:: TASK INSTRUCTIONS ::
Below this line are records; transcribe exactly the lines between the one holding "Braun Gebraucht 2015" and the one holding "Moski Nogometni dresi Barcelona.webp", inclusive, and omit the pictures.

:: SOURCE RECORDS ::

════════════════════

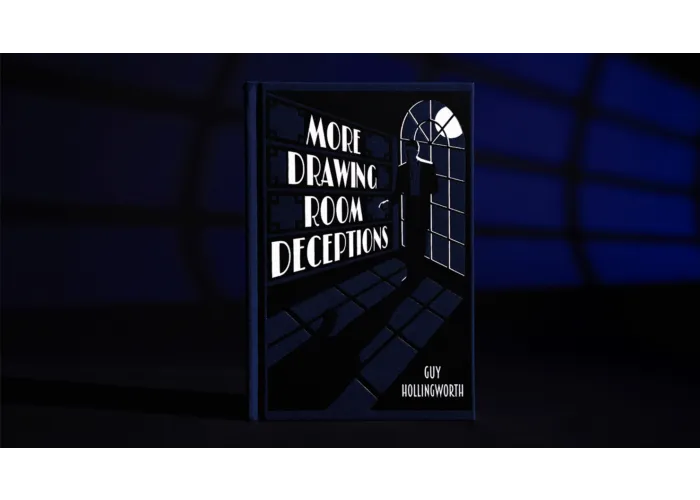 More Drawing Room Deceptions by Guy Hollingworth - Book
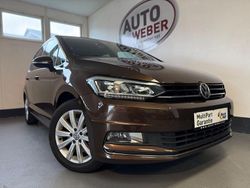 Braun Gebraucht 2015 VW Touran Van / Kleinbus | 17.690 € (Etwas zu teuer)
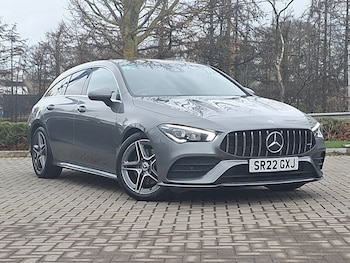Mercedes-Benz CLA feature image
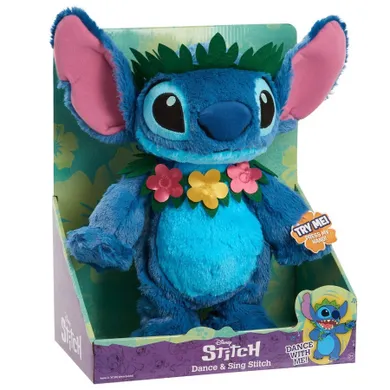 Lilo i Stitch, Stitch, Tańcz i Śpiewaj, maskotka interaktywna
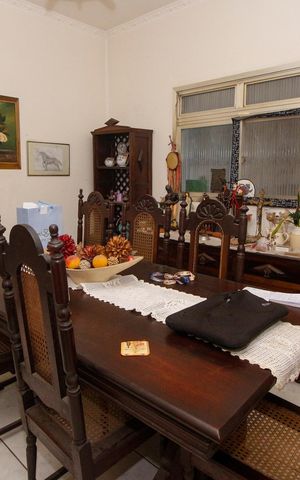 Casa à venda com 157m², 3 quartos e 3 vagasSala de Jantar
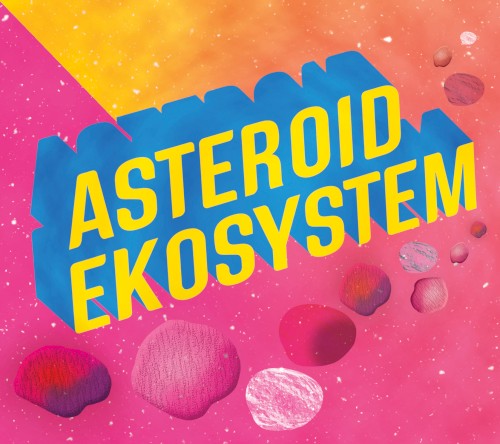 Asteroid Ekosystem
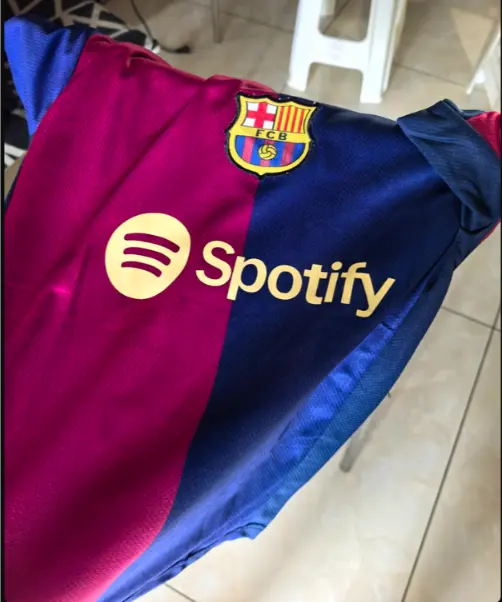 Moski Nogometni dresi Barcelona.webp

════════════════════

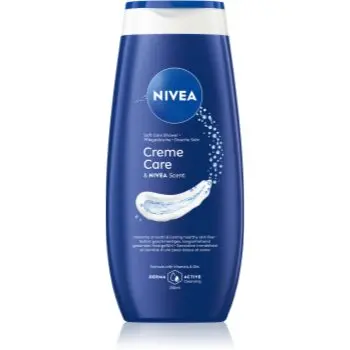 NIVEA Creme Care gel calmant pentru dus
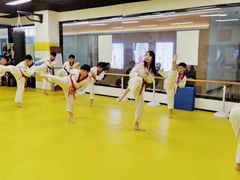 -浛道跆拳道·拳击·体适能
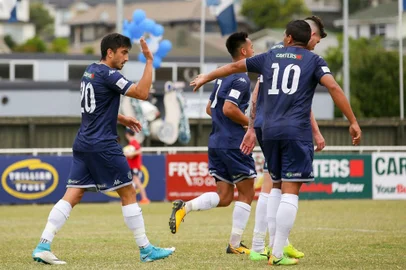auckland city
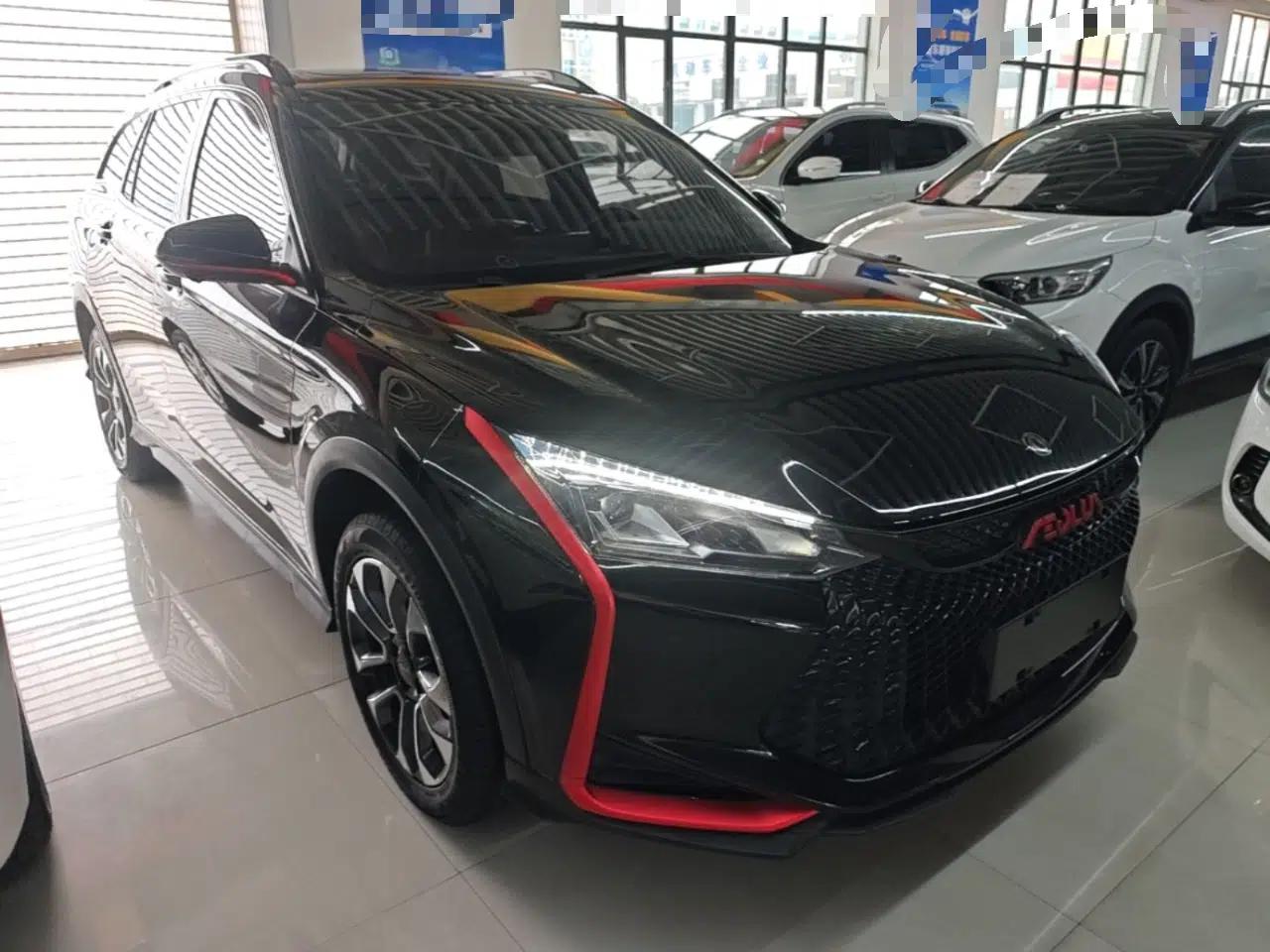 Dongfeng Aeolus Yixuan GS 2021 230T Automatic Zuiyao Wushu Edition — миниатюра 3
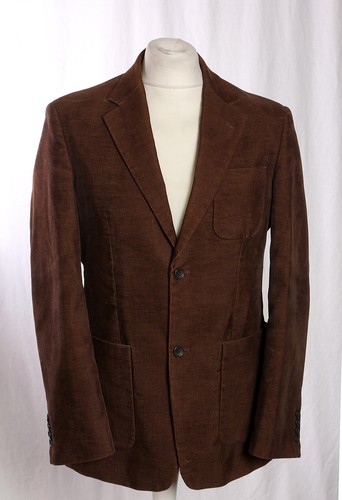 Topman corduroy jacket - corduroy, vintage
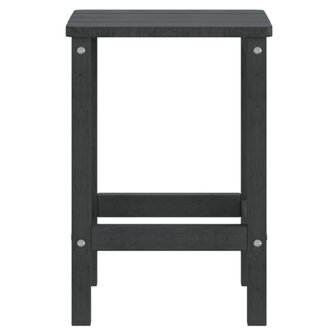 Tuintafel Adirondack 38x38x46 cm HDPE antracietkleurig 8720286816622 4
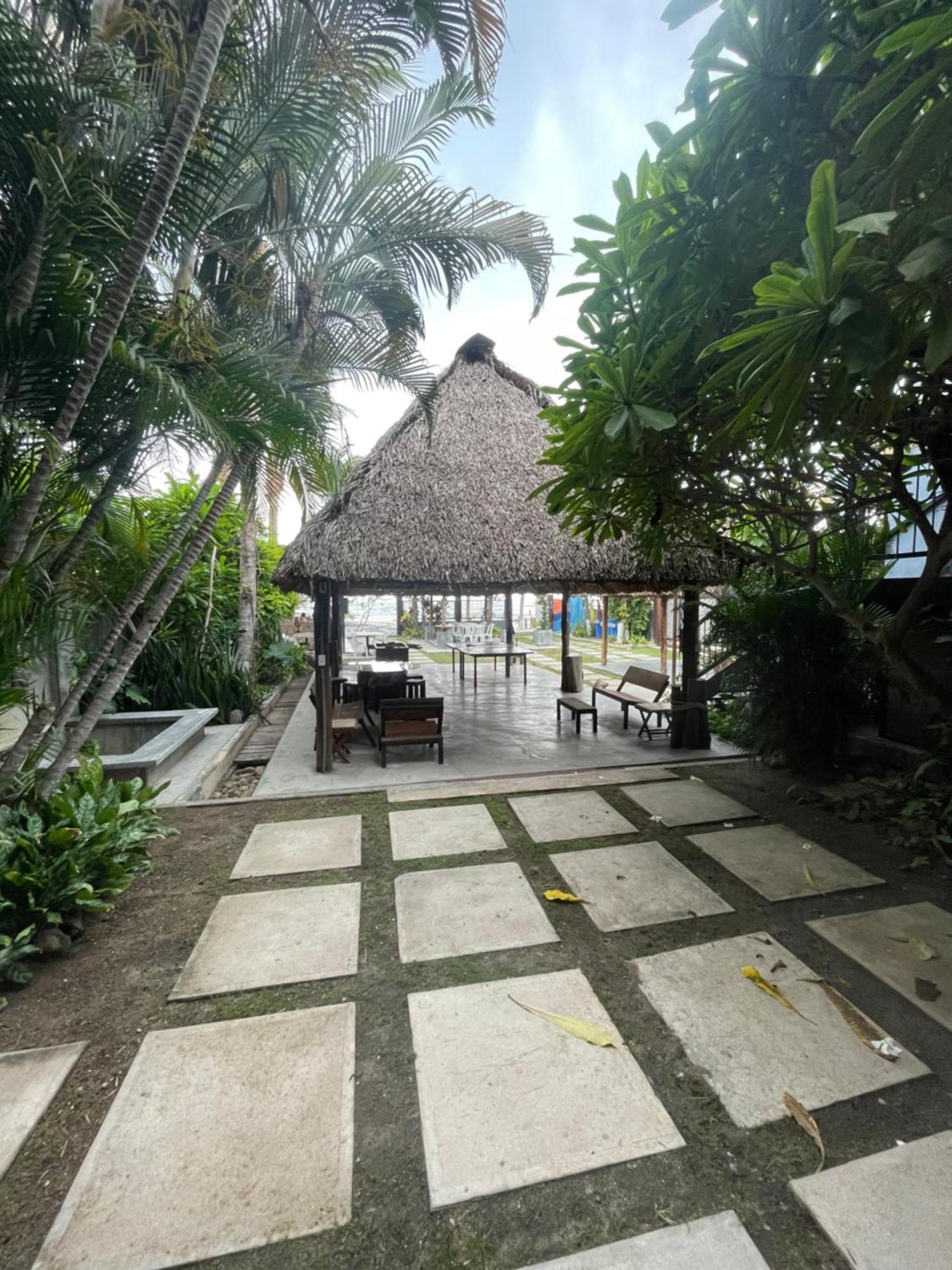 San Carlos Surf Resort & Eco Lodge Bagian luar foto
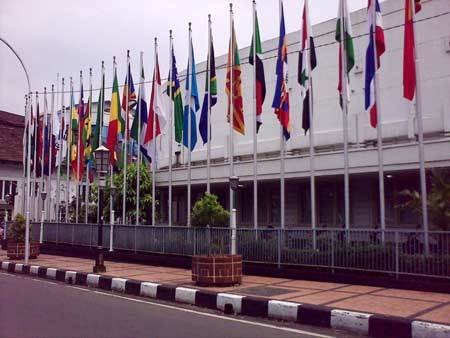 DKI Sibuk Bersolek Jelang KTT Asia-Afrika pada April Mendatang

════════════════════

:: OUTPUT FOR THIS TASK ::
 Braun Gebraucht 2015 VW Touran Van / Kleinbus | 17.690 € (Etwas zu teuer)
Mercedes-Benz CLA feature image
 Lilo i Stitch, Stitch, Tańcz i Śpiewaj, maskotka interaktywna
 Casa à venda com 157m², 3 quartos e 3 vagasSala de Jantar
 Asteroid Ekosystem
 Moski Nogometni dresi Barcelona.webp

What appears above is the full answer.